# What is needed
Include in the output exactly the lines from the opening of the data through the line containing "Donut Palette NIB", and nothing more.

*** Data under study Section Begins ***

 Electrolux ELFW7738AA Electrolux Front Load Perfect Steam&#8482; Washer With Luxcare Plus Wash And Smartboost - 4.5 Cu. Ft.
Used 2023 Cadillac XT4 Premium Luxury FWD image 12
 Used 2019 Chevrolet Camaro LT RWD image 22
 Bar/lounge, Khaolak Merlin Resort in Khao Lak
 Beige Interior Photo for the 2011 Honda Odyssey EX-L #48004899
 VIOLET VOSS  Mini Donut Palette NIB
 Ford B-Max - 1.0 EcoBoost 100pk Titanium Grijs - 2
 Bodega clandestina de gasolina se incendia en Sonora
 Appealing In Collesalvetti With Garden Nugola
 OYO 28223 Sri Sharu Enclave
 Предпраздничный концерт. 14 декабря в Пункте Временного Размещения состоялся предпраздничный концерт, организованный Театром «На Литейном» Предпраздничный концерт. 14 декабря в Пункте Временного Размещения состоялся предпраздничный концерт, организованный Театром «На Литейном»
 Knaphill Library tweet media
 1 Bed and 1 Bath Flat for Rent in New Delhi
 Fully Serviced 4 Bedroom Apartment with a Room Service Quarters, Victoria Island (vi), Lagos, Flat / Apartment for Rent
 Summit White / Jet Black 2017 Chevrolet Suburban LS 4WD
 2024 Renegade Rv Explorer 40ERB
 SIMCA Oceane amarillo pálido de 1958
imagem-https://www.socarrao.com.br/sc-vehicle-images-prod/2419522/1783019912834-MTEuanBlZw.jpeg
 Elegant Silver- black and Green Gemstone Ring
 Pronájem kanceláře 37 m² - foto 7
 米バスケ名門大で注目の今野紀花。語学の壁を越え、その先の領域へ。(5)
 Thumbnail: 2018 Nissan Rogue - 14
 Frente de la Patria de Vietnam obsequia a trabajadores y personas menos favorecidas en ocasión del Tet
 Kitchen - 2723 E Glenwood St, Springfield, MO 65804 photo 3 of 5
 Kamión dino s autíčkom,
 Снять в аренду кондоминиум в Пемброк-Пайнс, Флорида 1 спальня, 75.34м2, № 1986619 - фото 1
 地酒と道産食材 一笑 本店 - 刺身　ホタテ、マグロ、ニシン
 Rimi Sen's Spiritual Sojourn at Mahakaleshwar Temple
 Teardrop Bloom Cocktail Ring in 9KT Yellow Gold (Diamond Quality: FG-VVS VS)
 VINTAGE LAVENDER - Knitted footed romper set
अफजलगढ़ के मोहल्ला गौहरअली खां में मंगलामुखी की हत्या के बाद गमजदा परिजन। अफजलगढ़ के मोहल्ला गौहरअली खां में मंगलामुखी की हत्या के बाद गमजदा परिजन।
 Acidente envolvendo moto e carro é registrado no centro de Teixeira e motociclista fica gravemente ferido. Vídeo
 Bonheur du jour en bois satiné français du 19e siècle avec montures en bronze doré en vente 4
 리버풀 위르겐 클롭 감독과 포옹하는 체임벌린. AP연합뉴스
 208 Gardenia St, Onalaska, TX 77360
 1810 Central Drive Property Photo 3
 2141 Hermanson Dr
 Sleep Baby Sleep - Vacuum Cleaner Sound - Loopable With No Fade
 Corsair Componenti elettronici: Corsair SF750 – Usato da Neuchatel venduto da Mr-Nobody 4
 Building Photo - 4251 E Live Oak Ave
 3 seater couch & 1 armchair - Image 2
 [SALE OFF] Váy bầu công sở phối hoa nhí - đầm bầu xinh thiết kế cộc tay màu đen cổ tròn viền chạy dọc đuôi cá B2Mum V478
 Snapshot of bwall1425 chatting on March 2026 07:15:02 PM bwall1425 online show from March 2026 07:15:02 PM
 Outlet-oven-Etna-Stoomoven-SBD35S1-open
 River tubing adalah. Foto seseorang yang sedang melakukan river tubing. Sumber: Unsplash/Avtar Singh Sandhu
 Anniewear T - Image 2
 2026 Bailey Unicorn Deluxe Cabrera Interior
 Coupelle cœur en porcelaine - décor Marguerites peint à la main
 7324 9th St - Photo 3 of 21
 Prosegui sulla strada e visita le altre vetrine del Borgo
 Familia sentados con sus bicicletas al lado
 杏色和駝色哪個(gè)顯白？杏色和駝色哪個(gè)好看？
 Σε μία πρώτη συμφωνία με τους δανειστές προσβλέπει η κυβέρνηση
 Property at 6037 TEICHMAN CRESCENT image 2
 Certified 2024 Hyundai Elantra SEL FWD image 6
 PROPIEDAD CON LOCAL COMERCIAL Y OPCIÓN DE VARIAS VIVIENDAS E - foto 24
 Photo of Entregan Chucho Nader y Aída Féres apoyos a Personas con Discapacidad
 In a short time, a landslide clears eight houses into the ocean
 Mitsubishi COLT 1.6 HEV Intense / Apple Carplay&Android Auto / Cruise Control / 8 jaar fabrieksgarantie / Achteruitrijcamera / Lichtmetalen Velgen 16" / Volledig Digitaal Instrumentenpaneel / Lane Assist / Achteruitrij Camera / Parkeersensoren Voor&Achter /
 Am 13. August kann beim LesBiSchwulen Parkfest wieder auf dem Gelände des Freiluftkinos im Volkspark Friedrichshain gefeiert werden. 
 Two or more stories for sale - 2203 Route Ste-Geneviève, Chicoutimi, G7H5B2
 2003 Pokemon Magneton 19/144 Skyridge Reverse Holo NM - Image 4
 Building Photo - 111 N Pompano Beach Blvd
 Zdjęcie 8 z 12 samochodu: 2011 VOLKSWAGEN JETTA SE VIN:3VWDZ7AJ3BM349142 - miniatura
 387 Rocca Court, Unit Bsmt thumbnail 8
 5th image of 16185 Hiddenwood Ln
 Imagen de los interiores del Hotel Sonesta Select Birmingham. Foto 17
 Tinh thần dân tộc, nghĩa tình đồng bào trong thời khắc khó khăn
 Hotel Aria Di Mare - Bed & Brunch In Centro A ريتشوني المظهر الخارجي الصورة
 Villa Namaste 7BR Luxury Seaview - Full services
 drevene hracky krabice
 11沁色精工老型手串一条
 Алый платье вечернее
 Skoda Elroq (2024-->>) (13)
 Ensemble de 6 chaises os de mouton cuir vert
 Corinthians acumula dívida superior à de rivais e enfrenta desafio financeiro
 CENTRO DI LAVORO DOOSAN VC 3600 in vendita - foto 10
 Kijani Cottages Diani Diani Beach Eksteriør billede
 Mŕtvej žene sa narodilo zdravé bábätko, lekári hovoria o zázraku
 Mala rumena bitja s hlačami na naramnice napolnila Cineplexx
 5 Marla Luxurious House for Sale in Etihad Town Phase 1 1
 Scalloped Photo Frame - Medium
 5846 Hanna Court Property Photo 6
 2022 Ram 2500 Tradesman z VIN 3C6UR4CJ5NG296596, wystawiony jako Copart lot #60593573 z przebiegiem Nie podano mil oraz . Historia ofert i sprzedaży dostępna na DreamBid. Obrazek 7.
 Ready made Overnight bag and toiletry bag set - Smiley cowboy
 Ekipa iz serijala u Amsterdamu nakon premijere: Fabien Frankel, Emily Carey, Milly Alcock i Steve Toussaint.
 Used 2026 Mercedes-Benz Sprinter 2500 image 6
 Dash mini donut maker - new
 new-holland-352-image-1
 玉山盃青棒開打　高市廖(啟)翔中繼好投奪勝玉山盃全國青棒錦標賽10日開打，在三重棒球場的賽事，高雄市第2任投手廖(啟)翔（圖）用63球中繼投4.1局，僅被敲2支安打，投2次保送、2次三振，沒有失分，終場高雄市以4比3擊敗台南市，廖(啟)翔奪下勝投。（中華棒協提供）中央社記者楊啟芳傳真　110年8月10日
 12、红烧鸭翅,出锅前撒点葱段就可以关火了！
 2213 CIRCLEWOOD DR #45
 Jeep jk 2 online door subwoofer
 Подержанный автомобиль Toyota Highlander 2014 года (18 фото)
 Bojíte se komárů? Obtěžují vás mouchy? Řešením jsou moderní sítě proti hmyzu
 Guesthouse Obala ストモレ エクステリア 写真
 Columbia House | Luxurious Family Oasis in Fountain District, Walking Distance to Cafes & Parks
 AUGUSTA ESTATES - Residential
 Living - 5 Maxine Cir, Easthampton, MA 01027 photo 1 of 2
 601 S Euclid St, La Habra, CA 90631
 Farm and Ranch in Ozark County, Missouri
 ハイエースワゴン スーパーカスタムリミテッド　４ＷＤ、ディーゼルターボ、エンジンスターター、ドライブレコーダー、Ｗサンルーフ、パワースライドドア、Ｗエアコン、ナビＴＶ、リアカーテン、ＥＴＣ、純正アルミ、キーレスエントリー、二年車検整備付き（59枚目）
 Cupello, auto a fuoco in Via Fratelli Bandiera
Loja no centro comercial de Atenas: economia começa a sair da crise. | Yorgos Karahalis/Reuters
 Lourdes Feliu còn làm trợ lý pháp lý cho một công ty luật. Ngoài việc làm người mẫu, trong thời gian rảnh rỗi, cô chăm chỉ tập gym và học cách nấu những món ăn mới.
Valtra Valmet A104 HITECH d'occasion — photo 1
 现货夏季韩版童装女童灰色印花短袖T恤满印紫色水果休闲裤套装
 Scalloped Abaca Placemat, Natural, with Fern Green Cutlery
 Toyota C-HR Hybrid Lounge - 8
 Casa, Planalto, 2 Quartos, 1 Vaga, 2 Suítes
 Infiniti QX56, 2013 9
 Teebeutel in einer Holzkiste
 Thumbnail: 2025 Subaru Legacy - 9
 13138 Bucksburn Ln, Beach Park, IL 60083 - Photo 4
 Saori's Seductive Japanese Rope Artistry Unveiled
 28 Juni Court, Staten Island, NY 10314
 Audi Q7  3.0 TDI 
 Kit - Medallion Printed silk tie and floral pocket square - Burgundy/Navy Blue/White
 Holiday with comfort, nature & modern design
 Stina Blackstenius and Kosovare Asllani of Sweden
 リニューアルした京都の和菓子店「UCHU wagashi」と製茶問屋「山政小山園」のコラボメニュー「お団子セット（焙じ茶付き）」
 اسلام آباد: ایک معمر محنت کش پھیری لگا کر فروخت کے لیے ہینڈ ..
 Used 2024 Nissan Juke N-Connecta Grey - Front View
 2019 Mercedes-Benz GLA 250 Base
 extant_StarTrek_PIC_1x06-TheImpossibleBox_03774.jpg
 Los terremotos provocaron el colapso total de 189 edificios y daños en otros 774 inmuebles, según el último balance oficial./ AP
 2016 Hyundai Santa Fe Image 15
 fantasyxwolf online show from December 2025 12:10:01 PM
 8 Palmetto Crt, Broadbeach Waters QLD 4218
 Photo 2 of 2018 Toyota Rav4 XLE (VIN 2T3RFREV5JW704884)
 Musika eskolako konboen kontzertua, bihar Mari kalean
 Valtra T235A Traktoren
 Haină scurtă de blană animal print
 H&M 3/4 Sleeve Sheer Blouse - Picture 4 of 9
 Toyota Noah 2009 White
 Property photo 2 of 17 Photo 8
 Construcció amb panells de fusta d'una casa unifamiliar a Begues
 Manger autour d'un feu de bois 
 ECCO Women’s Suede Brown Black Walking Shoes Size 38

*** Data under study Section Ends ***

# The completed task
 Electrolux ELFW7738AA Electrolux Front Load Perfect Steam&#8482; Washer With Luxcare Plus Wash And Smartboost - 4.5 Cu. Ft.
Used 2023 Cadillac XT4 Premium Luxury FWD image 12
 Used 2019 Chevrolet Camaro LT RWD image 22
 Bar/lounge, Khaolak Merlin Resort in Khao Lak
 Beige Interior Photo for the 2011 Honda Odyssey EX-L #48004899
 VIOLET VOSS  Mini Donut Palette NIB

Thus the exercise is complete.